Why do companies even bother to say they are paying based on CPM when it seems to me they all adjust the rate down based on click rate? Why can't they just be honest and up front about it and admit they are paying a click rate, not an impression rate? Throwing words out like "Smart Pricing" only makes it worse the way I see it anyone care to explain why they do it this way, am I missing something?

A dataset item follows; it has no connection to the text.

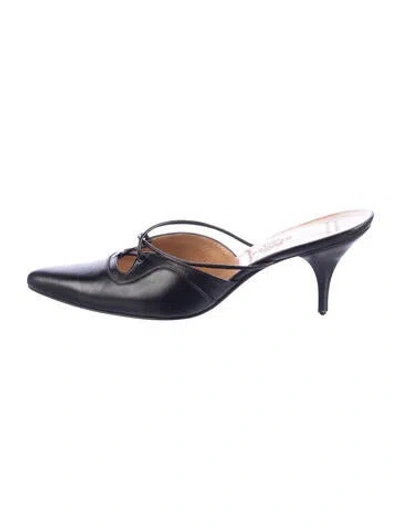 Pre-owned Hermes Vintage Leather Mules In Black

I think to save advertisers sake , so every advertiser pay only for CPM that convert into a Click or Sale or Lead or ... , so this save a lot of money for advertisers and sameway publishers earn very less money
You're looking at it from the wrong point of view - CPM means cost per mile. It's just that the rates are starting to become dynamic. At the end of the day, if you're displaying a CPM banner that gets a higher CTR and Conversion rate, you deserve more for it, and it makes sense that the advertiser pays more. And vice versa. The problem is, that as the publishers that most of us are on DP, we tend to only see our side of the coin, when in fact, there is another one. If we bear that in mind when working on our sites, we can enhance the rates we earn.
I think it's better this way in that if you have good traffic you will get paid higher, but if your traffic is very poor then you shouldn't deserve the same earnings as someone sending top quality traffic.
I couldn't agree more, I think the revenue model that we're starting to see is definitely the way to go.
...so then why don't they just stick to CPC if that is what is going to be the determining factor in the end anyways?